If you keep creating those tables create them at least as temporary or unlogged tables to minimized the IO overhead that comes with writing that data and thus keep as much data in memory as possible.
However I would always start with a single query instead of maintaining many different tables (that all need to be changed if you have to change the structure of the report).
For example your first two queries from your question can easily be combined into a single query with no performance loss:
SELECT race_code,
count(*) as cnt,
round((count(*)::numeric/11362)*100,2) AS percent_of_total_turnout
FROM gm.active_dem_voters_34th_house_in_2012_primary
GROUP BY race_code;
This is going to be faster than writing the data twice to disk (including all transactional overhead).
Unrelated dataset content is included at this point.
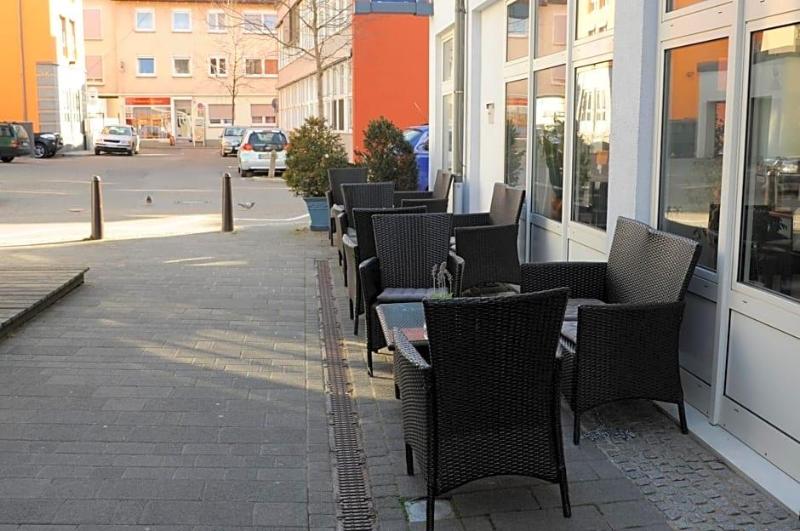 Hogh Heilbronn image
If you stack your queries using common table expressions Postgres will automatically store the data on disk if it gets too big, if not it will process it in-memory. When manually creating the tables you force Postgres to write everything to disk.
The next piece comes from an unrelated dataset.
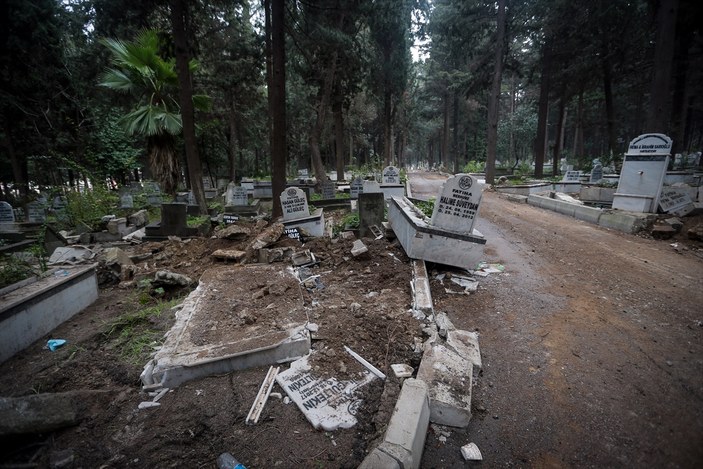 Tërmeti me qendër Hatay dëmtoi varrezat e Antakya Asri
So you might want to try something like this:
with race_code_and_turnout_count as (
SELECT race_code,
count(*) as cnt,
round((count(*)::numeric/11362)*100,2) AS percent_of_total_turnout
FROM gm.active_dem_voters_34th_house_in_2012_primary
GROUP BY race_code
), race_code_and_total_count as (
select ....
from ....
), race_code_and_turnout_percentage as (
SELECT t1.race_code,
round((t1.count::numeric / t2.count)*100,2) as turnout_percentage
FROM ace_code_and_turnout_count AS t1
JOIN race_code_and_total_count AS t2
ON t1.race_code = t2.race_code
)
select *
from ....;
and see how that performs.
If you don't re-use the intermediate steps more than once, writing them as a derived table instead of a CTE might be faster in Postgres due to the way the optimizer works, e.g.:
SELECT t1.race_code,
round((t1.count::numeric / t2.count)*100,2) as turnout_percentage
FROM (
SELECT race_code,
count(*) as cnt,
round((count(*)::numeric/11362)*100,2) AS percent_of_total_turnout
FROM gm.active_dem_voters_34th_house_in_2012_primary
GROUP BY race_code
) AS t1
JOIN race_code_and_total_count AS t2
ON t1.race_code = t2.race_code
If it performs well and results in the right output, I see nothing wrong with it. I do however suggest to use (local) temporary tables if you need intermediate tables.
Your series of queries can always be optimized to use fewer intermediate steps. Do that if you feel your reports start performing poorly.